Variable type: character

skim_variable	complete_rate	min	max	n_unique
city	1	5	12	20
country	1	2	7	10
data_quality	1	4	8	3
measurement_method	1	24	27	2
data_source	1	7	12	2

Variable type: numeric

skim_variable	complete_rate	mean	sd	p0	p25	p50	p75	p100	hist
latitude	1	31.54	16.60	-23.55	29.24	33.75	40.14	52.52	▁▁▂▇▇
longitude	1	-35.88	81.51	-121.89	-98.65	-74.59	5.89	139.65	▇▁▃▂▂
year	1	2012.00	7.79	1999.00	2005.00	2012.00	2019.00	2025.00	▇▇▇▇▇
month	1	6.50	3.45	1.00	3.75	6.50	9.25	12.00	▇▅▅▅▇
pm25_ugm3	1	40.97	36.30	5.10	19.34	29.23	46.08	274.18	▇▁▁▁▁
no2_ugm3	1	39.62	16.71	10.25	27.08	36.84	48.92	110.27	▆▇▃▁▁

Interpretation
The dataset contains 6,480 observations and multiple numeric and categorical variables. Preliminary inspection confirms that key pollution and location variables are present and appropriately formatted, providing a suitable basis for subsequent cleaning, exploratory analysis, and modelling.

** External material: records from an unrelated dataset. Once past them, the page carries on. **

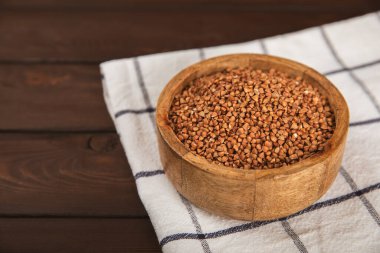 Arka planda desenli bir kasede çiğ karabuğday. Buğday taneleri, yulaf lapası, tahıllar, tabakta çiğ karabuğday. Sağlıklı yiyecekler. Yulaf. Diyet olsun. Organik mısır gevreği. Metin için boşluk. Boşluğu kopyala.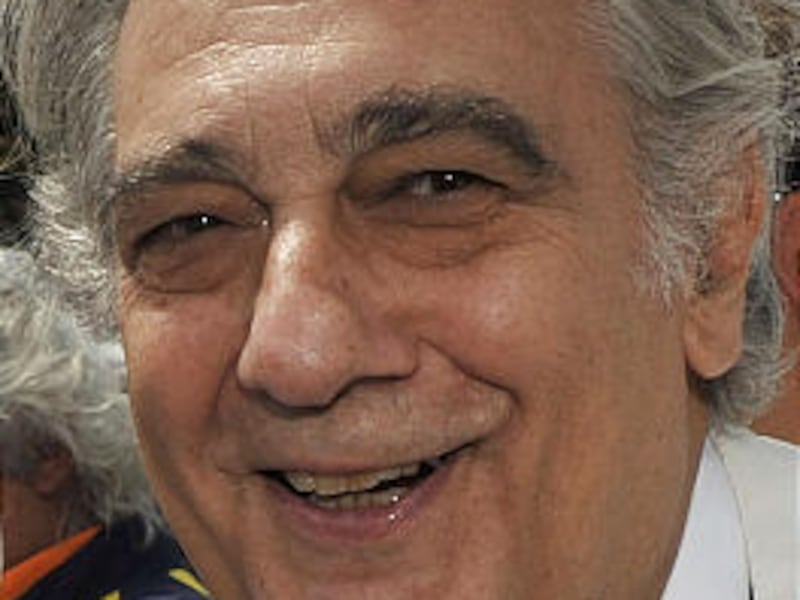 FILE - in this July 26, 2009 file photo tenor Placido Domingo pose on the grid prior to the start of the Hungarian Formula One Grand Prix at the Hungaroring circuit near Budapest, Hungary. Spokeswoman Nancy Seltzer said Monday March 8, 2010 that the 69-ye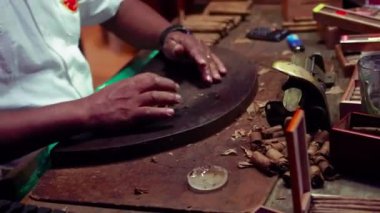 Milan, İtalya 1 Ocak 2025: Puro üreticisi atölyesindeki tütün yapraklarını yuvarlıyor ve kesiyor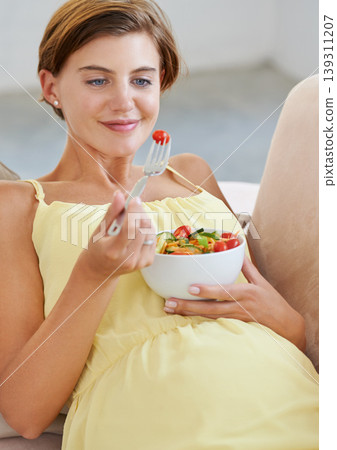 Pregnant woman, salad and smile on sofa for health, nutrition and wellness in living room of apartment. Person, vegetables or happy on couch of lounge for relax, pregnancy and healthy diet with fiber Pregnant woman, salad and smile on sofa for health, nutrition and wellness in living room of apartment. Person, vegetables or happy on couch of lounge for relax, pregnancy and healthy diet with fiber 139311207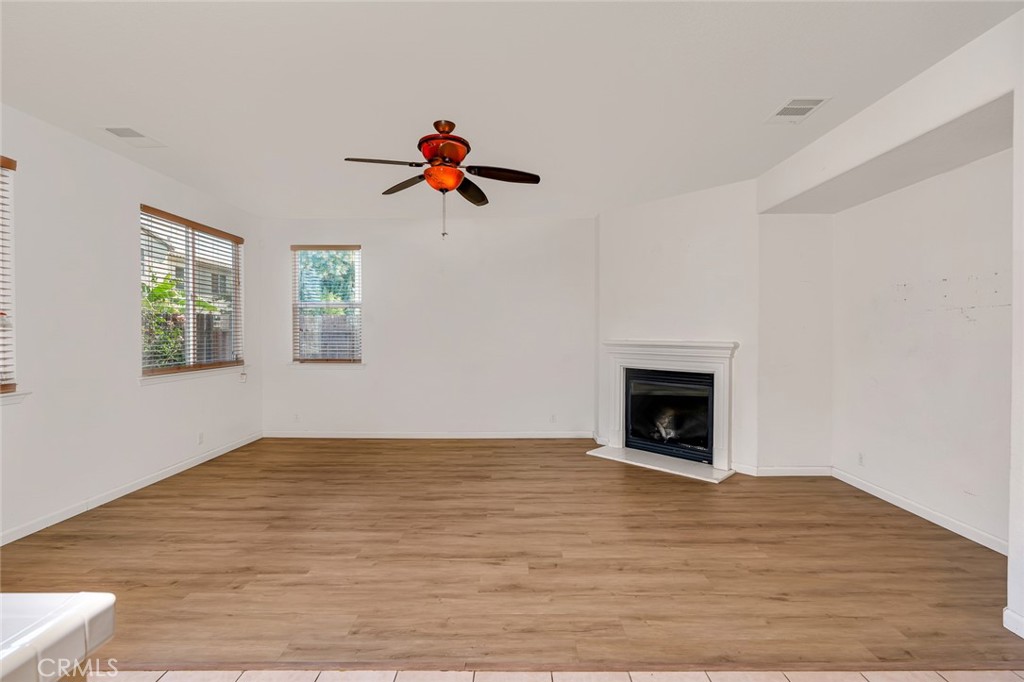 1289 Verdon Court Merced, CA 95348 - Photo 13 of 56 a view of a livingroom with a fireplace and window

6 6.0 Data Cleaning and Feature Engineering

clean_df <- df %>%
  mutate(
    date = lubridate::make_date(year, month, 1),
    city = factor(city),
    country = factor(country),
    measurement_method = factor(measurement_method),
    data_source = factor(data_source),
    season = case_when(
      month %in% c(12,1,2) ~ "Winter",
      month %in% c(3,4,5) ~ "Spring",
      month %in% c(6,7,8) ~ "Summer",
      TRUE ~ "Autumn"
    ) %>% factor(levels = c("Winter","Spring","Summer","Autumn")),
    data_quality = factor(data_quality, levels = c("Good","Moderate","Poor"), ordered = TRUE)
  ) %>%
  group_by(city, month) %>%
  mutate(
    pm25_ugm3 = ifelse(is.na(pm25_ugm3), mean(pm25_ugm3, na.rm = TRUE), pm25_ugm3),
    no2_ugm3  = ifelse(is.na(no2_ugm3),  mean(no2_ugm3,  na.rm = TRUE), no2_ugm3)
  ) %>%
  ungroup()

# Quick checks
cat("Remaining NA in PM2.5:", sum(is.na(clean_df$pm25_ugm3)), "\n")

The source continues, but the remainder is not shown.